Okay, lately I’ve been the worst blogger ever. This is partly excusable because I’m working hard on Extras, but it’s been almost three weeks since my last post, and that’s a bit ridiculous. I’m also very behind on fan mail, for which I apologize to you all.
So in the interest of killing two birds with one blog (blogging two birds with one stone? killing two blogs with one bird?) I am going make like Meg Cabot and blog my mailbag.
That’s right, questions asked in fan mail will now be answered here, eventually providing a comprehensive list of answers so that I never have to think again!
Of course, I will still try to get back to you all personally. It may take a while, however. Not because I don’t love you all, but simply because you outnumber me.
And now for my first questions. Some classics mixed up with some new and unfamiliar ones.
Where does Uglies series take place?
This question has been asked and answered many places, but here’s the official word:
The unnamed city where Tally lives is roughly where Seattle is now. (So the Rusty Ruins are the ruins of Seattle.) The ocean that Tally travels along is thus the Pacific, and the Smoke is somewhere up in the Canadian Rockies. As many of you have realized, Diego is descended from modern-day San Diego.
Here’s a news flash: Extras will take place in what we now call Japan!
What started your career in writing?
In the early 90s I worked for MacMillan/McGraw-Hill, which I’m sure many of you know as school textbook publishers. I was in charge of their NYC technology office, designing educational software and other cool stuff.
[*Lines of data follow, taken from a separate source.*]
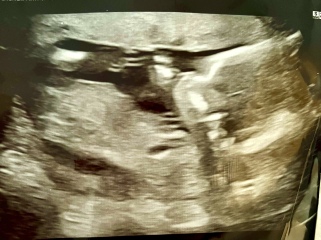 15+3 gender guesses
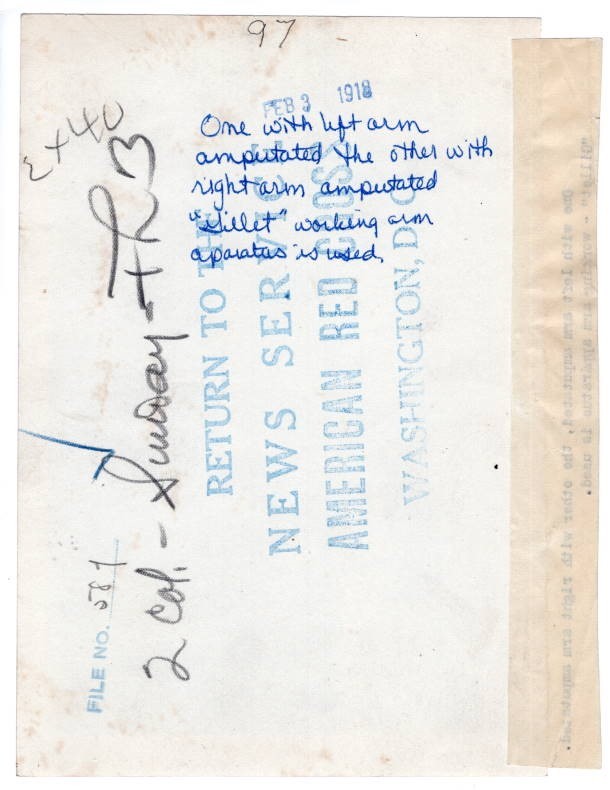 1918 Two Frenchmen With Different Arms Amputated Farming Original News Photo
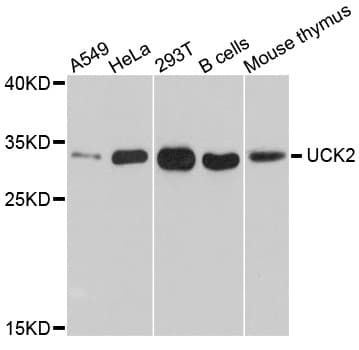 UCK2 Antibody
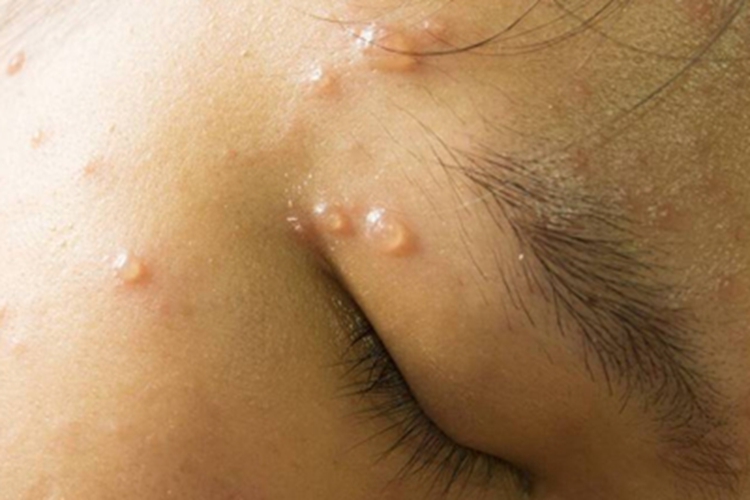 水痘眉毛水疱图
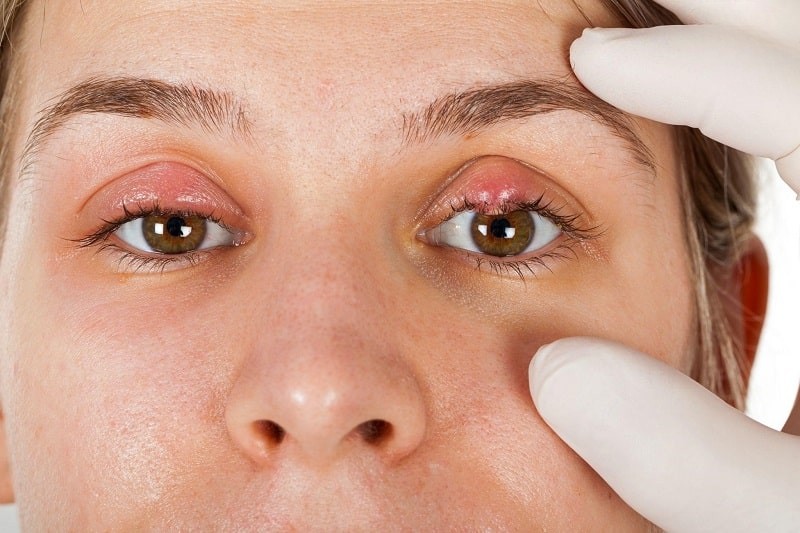 Viêm bờ mi trên có thể gây lẹo, chắp nếu không được điều trị kịp thời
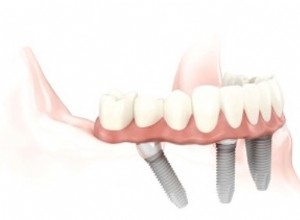 Différents types d implants dentaires et comment en choisir un en fonction de la santé de votre mâchoire 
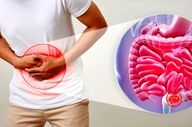 سه عارضه مهم ابتلا به یبوست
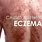 What Is Eczema Rash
One lucky day in 1995, they decided to move their technology departments up to Connecticut, and offered me the choice of severance (that is, money) or moving out of NYC. I thought about this for about ten seconds and then said, “Give me my check and color me gone. I’m off to be a writer.”
Five adult books later, I got the idea for Midnighters. With its teenage heroes and gothic high school setting, this was clearly a teen book. So I became a teen writer.
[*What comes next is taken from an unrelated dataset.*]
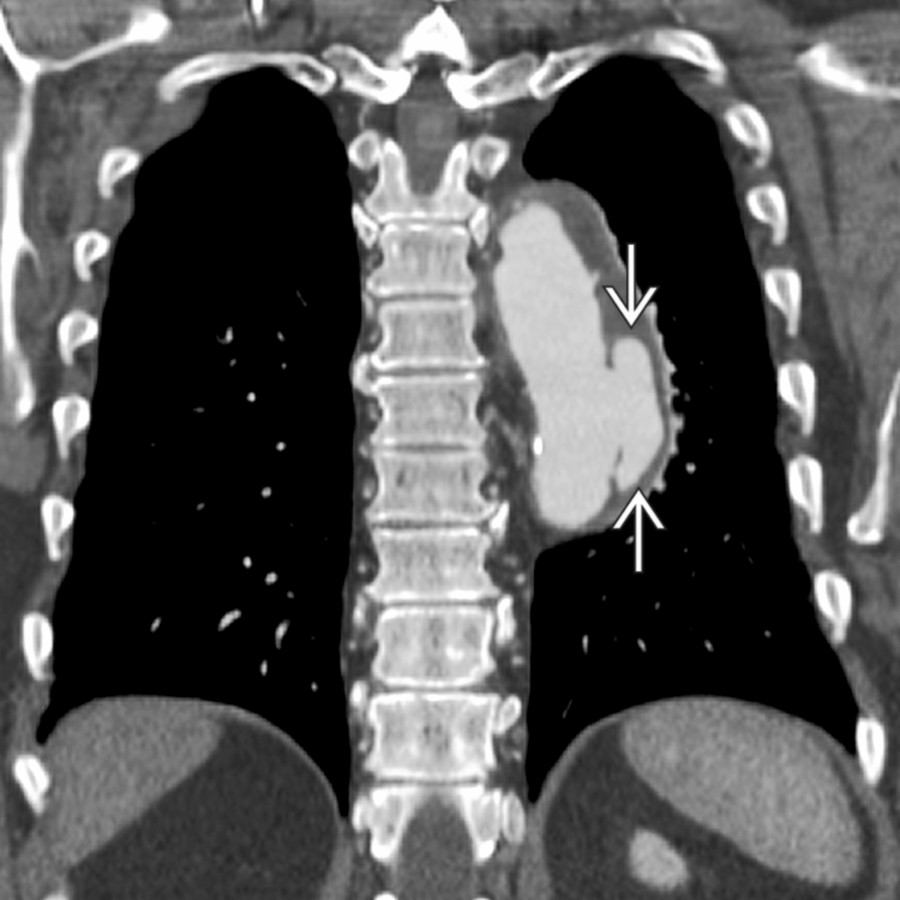 Coronal CECT shows pseudoaneurysm in the mid descending aorta
thought to be a mycotic aneurysm. Aside from this aneurysm, there was a paucity of disease throughout the remaining aorta.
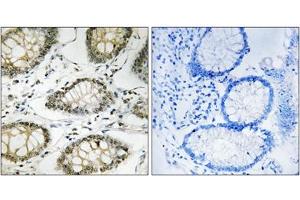 Immunohistochemical staining of paraffin-embedded human colon carcinoma tissue reacted with ATR (phospho S428) polyclonal antibody  at 1:50-1:100 dilution. (ATR antibody  (pSer428))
Some people ask why I decided to become a teen writer. But it didn’t happen in the abstract. I simply got an idea that was YA-ish, and then had so much fun writing for teens that I haven’t (yet) gone back.
What with Wii, Tivo, and those internets I keep hearing about, do you ever worry that teens will stop reading?
Despite all the competition for their time—TV, movies, social networking sites—teens still read a lot more than older age groups. I think that’s because when you’re young, you read more intensely; a book can completely change your way of looking at the world. Once you’ve discovered that magic, it’s hard to give up.
It’s adults I worry about.*
*According to this NEA study, only about 57% of adults in the US read any book at all in 2002. Children’s book sales, on the other hand, have been screaming upward for the last ten years. So nyah.
Random Update: Those of you who get the NY Times should check out page 18, the children’s paperback list. w00t.